Activity:
Before writing anything, find the line that contains "1102 - A set", then retype the entries below exactly from their first line through that one, without pictures.

The data:
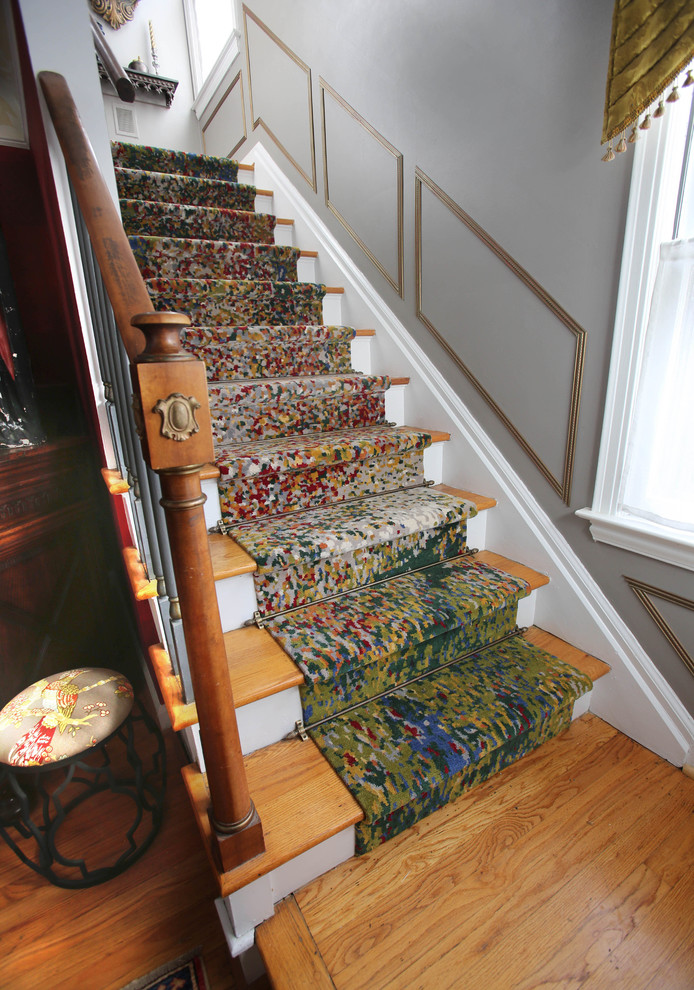 Small eclectic wood straight staircase in Detroit with painted wood risers and wood railing.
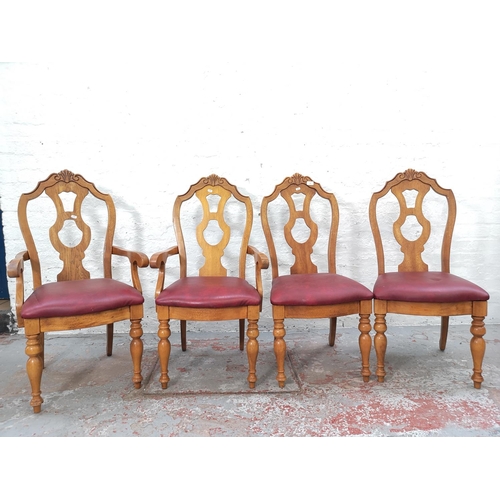 1102 - A set of four late 20th century oak and red vinyl dining chairs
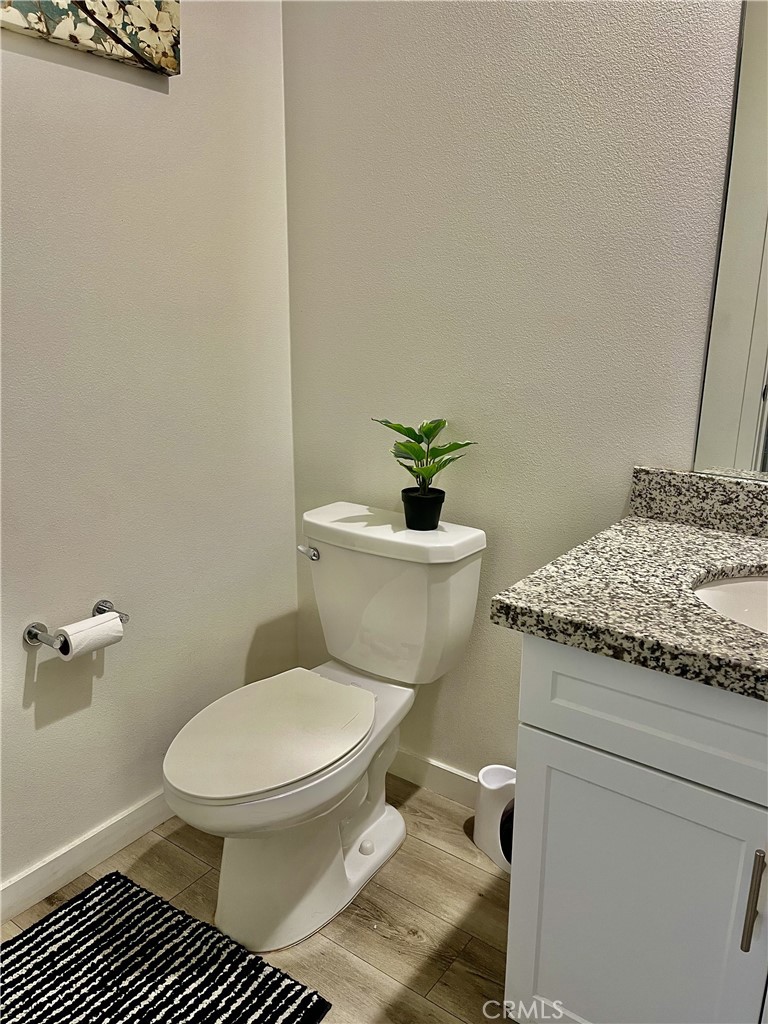 4255 Vermillion Court Riverside, CA 92505 - Photo 8 of 20 a white toilet sitting next to a bathroom sink and vanity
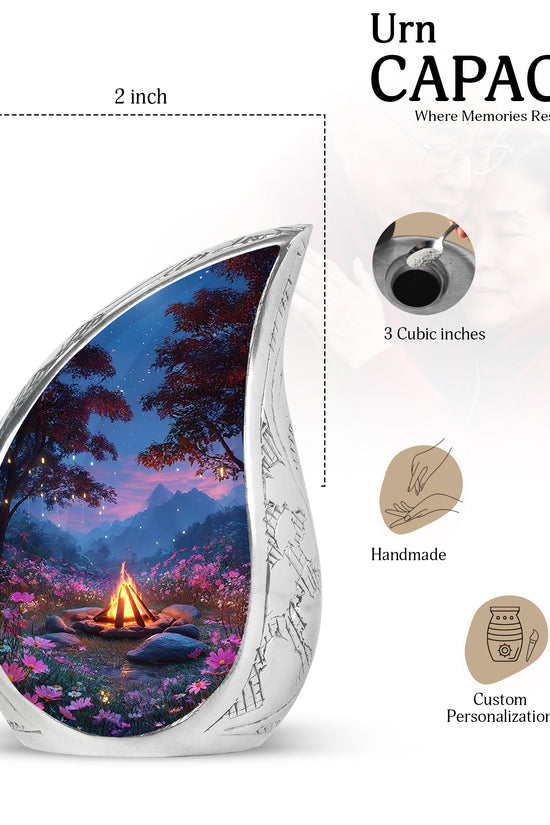 Azure Campfire Cremation Urn angled view of lid and engraved motif - rounded teardrop campfire design with delicate detail - mini keepsake memorial for portion of cremation ashes
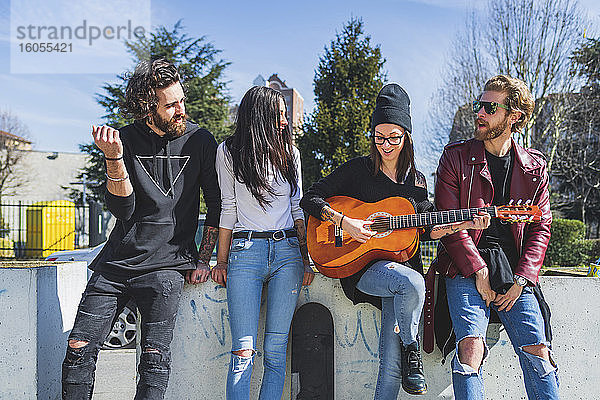 Mittlere erwachsene Frau spielt Gitarre  während sie sich mit Freunden in der Stadt vergnügt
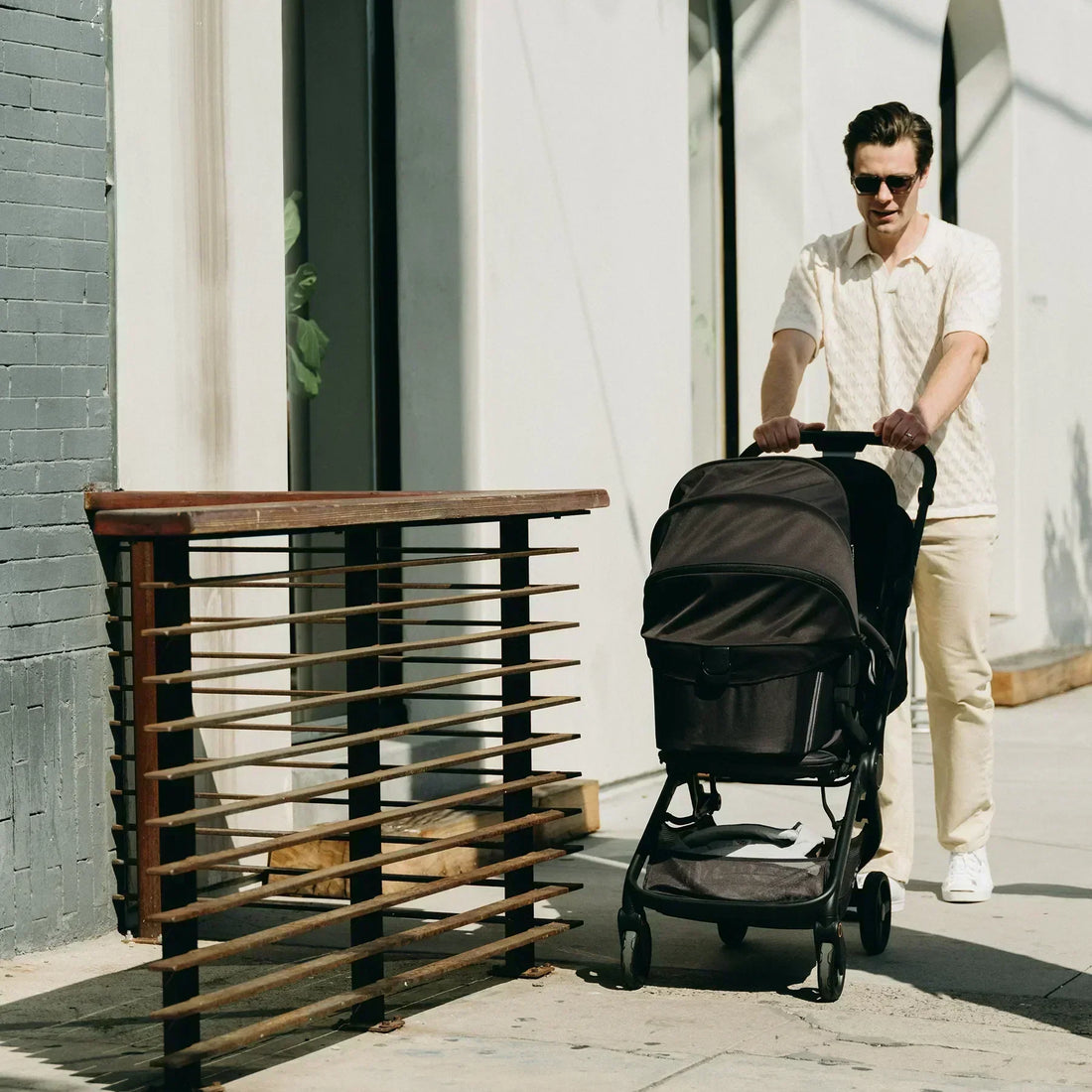 Ein Mann schiebt draußen einen schwarzen Kinderwagen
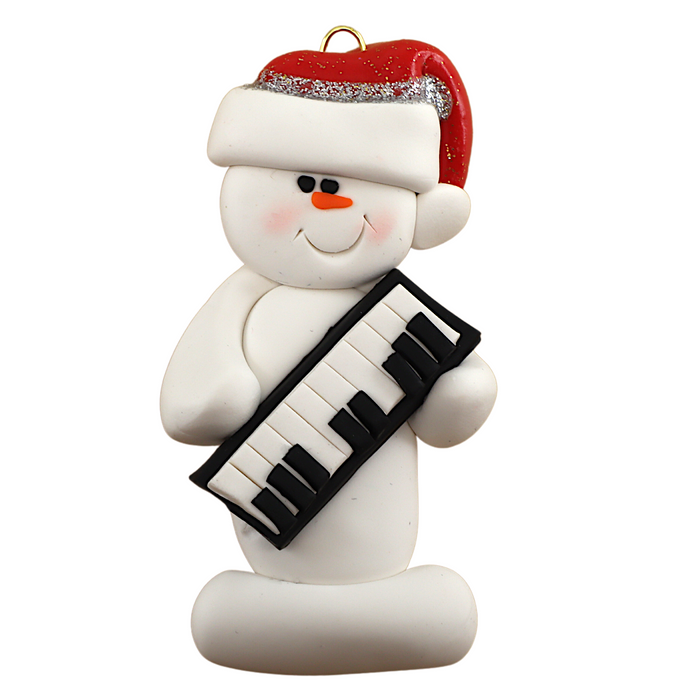 Ornament of white snowman in red hat holding a piano keyboard.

The answer:
 Small eclectic wood straight staircase in Detroit with painted wood risers and wood railing.
 1102 - A set of four late 20th century oak and red vinyl dining chairs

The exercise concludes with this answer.